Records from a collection
= Beginning of Section =
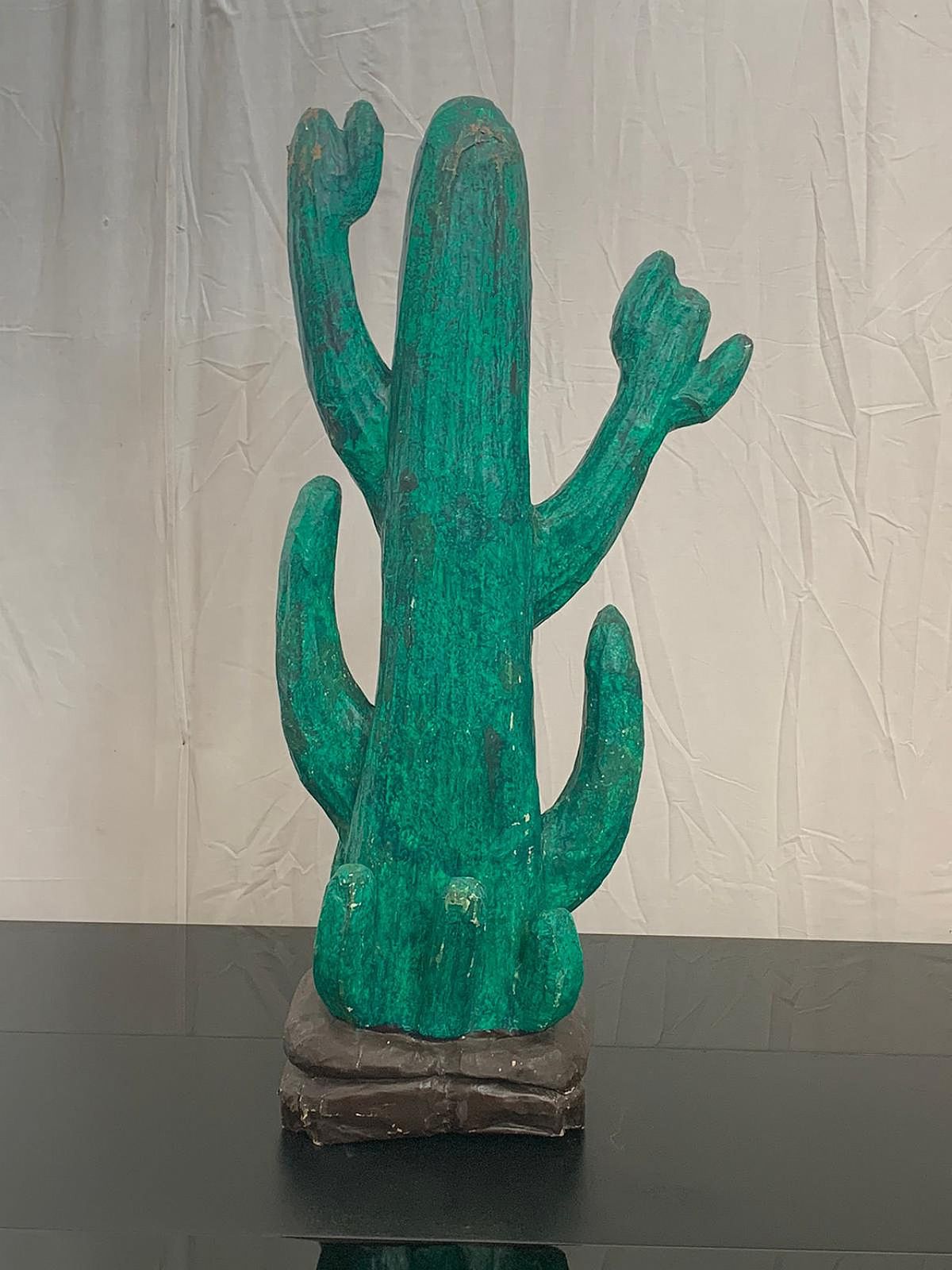 Papier Mâché Cactus Sculpture By Roy Roberts, 1970s photo furniture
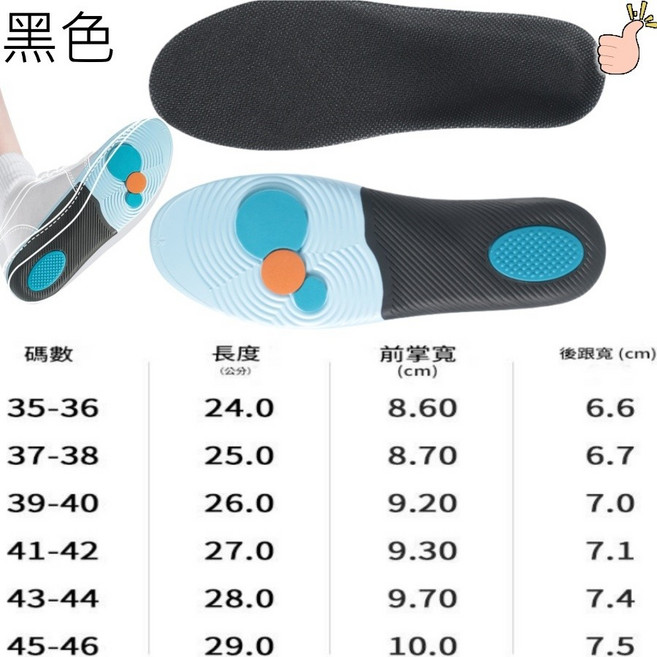 運動鞋墊 足弓支撐 減震透氣 EVA材質 FS4H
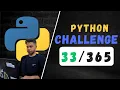 Python My Way - Day 33 Calculate the Area of a Circle Problem Python Tutorial for Beginners 2024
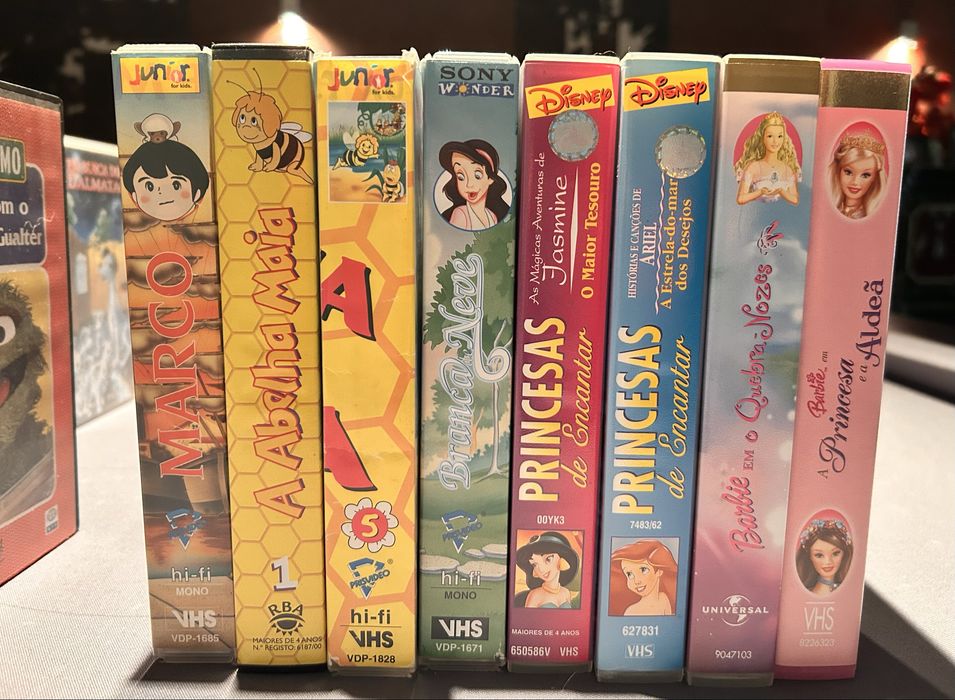 Coleçãa de cassetes VHS - Infantis
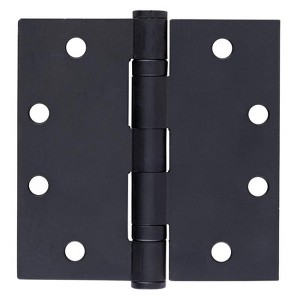Brinks Commercial 4.5 in. L Black Door Hinge 1 pk - 1 of 1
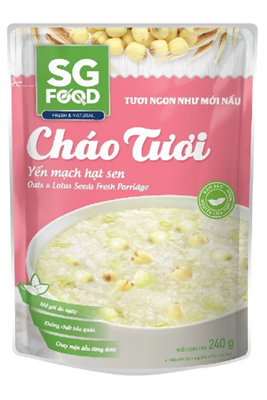 Cháo tươi yến mạch hạt sen 240g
= End of Section =
- [Activity]
Set down a word-for-word copy of the records, dropping any picture.

- [Result]
 Papier Mâché Cactus Sculpture By Roy Roberts, 1970s photo furniture
 運動鞋墊 足弓支撐 減震透氣 EVA材質 FS4H
 Python My Way - Day 33 Calculate the Area of a Circle Problem Python Tutorial for Beginners 2024
 Coleçãa de cassetes VHS - Infantis
Brinks Commercial 4.5 in. L Black Door Hinge 1 pk - 1 of 1
 Cháo tươi yến mạch hạt sen 240g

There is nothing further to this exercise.